File:Acheroraptor reconstruction.jpg


Name Meaning:  Acheron Thief

Geologic Era: Late Cretaceous

Location Discovered: Hell Creek Formation (all but first pictured vertebrae are from Carter County, MT)

Size:   3 meters long

Estimated Range: Modern Northwest United States

Extinction Date:  Late Cretaceous (K-T extinction)

Caudal vertebra (toward end of tail)

Caudal vertebra (toward tail base)
Tiny cervical (neck) vertebra
Metacarpal (hand) bone
Tooth
Pedal phallanx (toe) bone
Another cervical vertebra

I make the identification of Acheroraptor with some degree of uncertainty.  The only officially describe Acheroraptor fossils are pictured below.  The ones above do have theropod characeristics, and fit the size that I would expect from a 2-3 meter long animal.  Fossil identification does carry a certain amount of guesswork, especially if the fossils in question are found isolated.  All of the fossils above come from Carter County, MT, with the exception of the topmost caudal vertebra.  The seller listed it as being from the Hell Creek Formation, which includes parts of Montana, North Dakota, South Dakota, and Wyoming.

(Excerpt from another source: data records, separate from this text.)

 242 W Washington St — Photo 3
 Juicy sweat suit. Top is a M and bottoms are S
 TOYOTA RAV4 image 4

The metacarpal is of particular interest to me.  The interior is partially hollow, which is a characteristic of dromaeosaur bones.  This bone would correspond to the bones of the human hand, and is the distal portion (closer to the finger than the wrist).  I have to assume that all of the bones I have were found isolated, as I have no indication that they weren’t.

Acheroraptor NMNH.jpg
Type specimen

Acheroraptor was formally describe only recently, when paleontologists at the Royal Ontario Museum purchased the above fossils from a private collector.  They were found relatively close together, so they are considered associated, though they could possibly be from the same animal.  Acheroraptor was identified as a velicoraptorine dromaeosaur, and has the distinction of being the youngest dromaeosaur yet described.  It does have striking similarities to Asian dromaeosaurs, which implies that North America and Asia may have had land connections more recently than previously thought.

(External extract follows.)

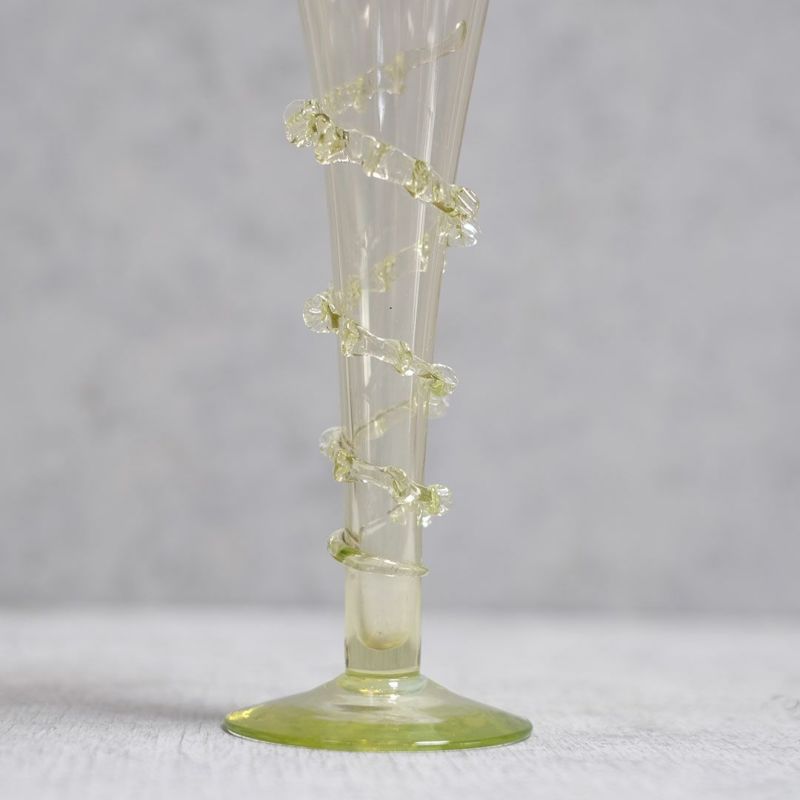 アンティークフラワーベース レッド オパールセントグラス 花瓶 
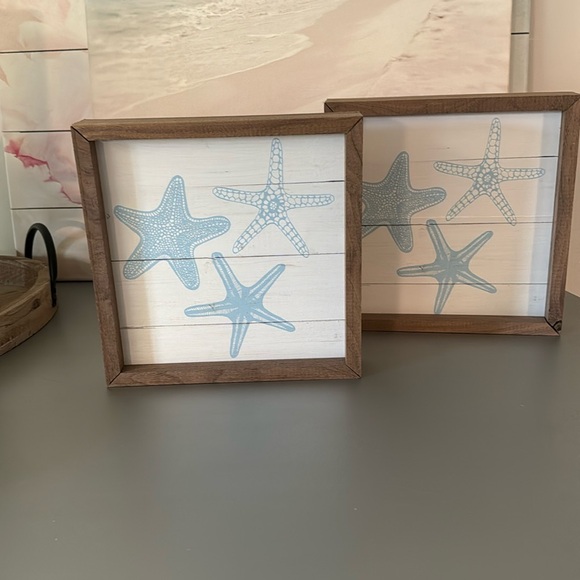 Other - 2 Wood Starfish wall hangings measure 9” by 9 “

Dromaeosaurs are often pictured as pack hunters, with a group taking on prey animals many times their size.  This is based primarily on Deinonychus, an earlier dromaeosaur species.  Several specimens were found associated with Tenontosaurus, and this was thought to suggest coordinated hunting behavior.  That idea has been called into question more recently, with a less coordinated, mobbing style of attack being proposed.  

This behavior is seen with modern Komodo dragons, and often results in smaller animals being injured, killed, and eaten by the larger ones.  This is consistent with some of the Deinonychus finds.  On the other hand, dromaeosaur trackways have been found that show an ordered, linear pattern of movement among individuals, which would argue for pack behavior, or at least family groups. 

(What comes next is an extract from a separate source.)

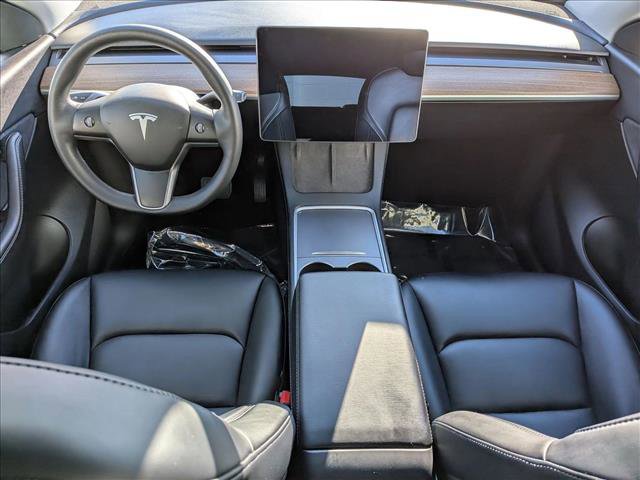 Used 2022 Tesla Model Y Long Range image 19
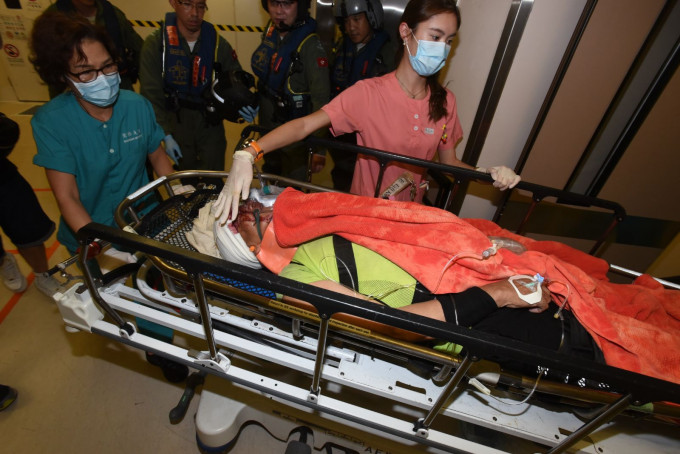傷者由直升機送東區醫院治理。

Hell Creek fauna (Acheroraptor is on bottom left)

Acheroraptor would have coexisted with well known animals such as Tyrannosaurus rex and Triceratops, though probably would have avoided the adult animals.  The below animals are all well represented in the Hell Creek Formation, and several are represented in our classroom collection.  Acheroraptor probably fed on smaller animals such as lizards and juvenile dinosaurs.  Many dromaeosaurs have recently been found to be feathered, so in both reconstructions, Acheroraptor is shown with a fine coat of feathers.  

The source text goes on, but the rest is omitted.